● **Assignment**
The only acceptable reply is the number of lines in the material below that hold "Game".
┌──
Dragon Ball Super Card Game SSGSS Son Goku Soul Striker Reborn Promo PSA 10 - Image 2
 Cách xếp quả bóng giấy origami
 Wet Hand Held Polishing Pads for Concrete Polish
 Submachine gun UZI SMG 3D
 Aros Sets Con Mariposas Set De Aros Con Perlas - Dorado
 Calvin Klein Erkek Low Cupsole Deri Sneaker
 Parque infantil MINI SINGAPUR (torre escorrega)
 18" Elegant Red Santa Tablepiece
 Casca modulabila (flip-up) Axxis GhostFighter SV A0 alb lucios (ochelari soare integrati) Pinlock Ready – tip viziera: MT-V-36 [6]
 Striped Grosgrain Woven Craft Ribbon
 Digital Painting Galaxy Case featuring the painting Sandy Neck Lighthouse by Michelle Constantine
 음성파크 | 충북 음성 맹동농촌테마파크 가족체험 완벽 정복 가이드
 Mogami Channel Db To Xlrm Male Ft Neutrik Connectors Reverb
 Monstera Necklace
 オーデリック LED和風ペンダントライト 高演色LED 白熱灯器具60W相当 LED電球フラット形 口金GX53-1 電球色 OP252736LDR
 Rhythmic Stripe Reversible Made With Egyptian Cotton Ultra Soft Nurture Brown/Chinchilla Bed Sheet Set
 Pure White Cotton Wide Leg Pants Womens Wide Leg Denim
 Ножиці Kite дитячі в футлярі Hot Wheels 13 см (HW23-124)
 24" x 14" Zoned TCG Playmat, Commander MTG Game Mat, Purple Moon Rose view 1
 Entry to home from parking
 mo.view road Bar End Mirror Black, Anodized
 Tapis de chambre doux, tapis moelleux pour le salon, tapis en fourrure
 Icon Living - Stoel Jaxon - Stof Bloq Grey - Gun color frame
└──
● **Task response**
2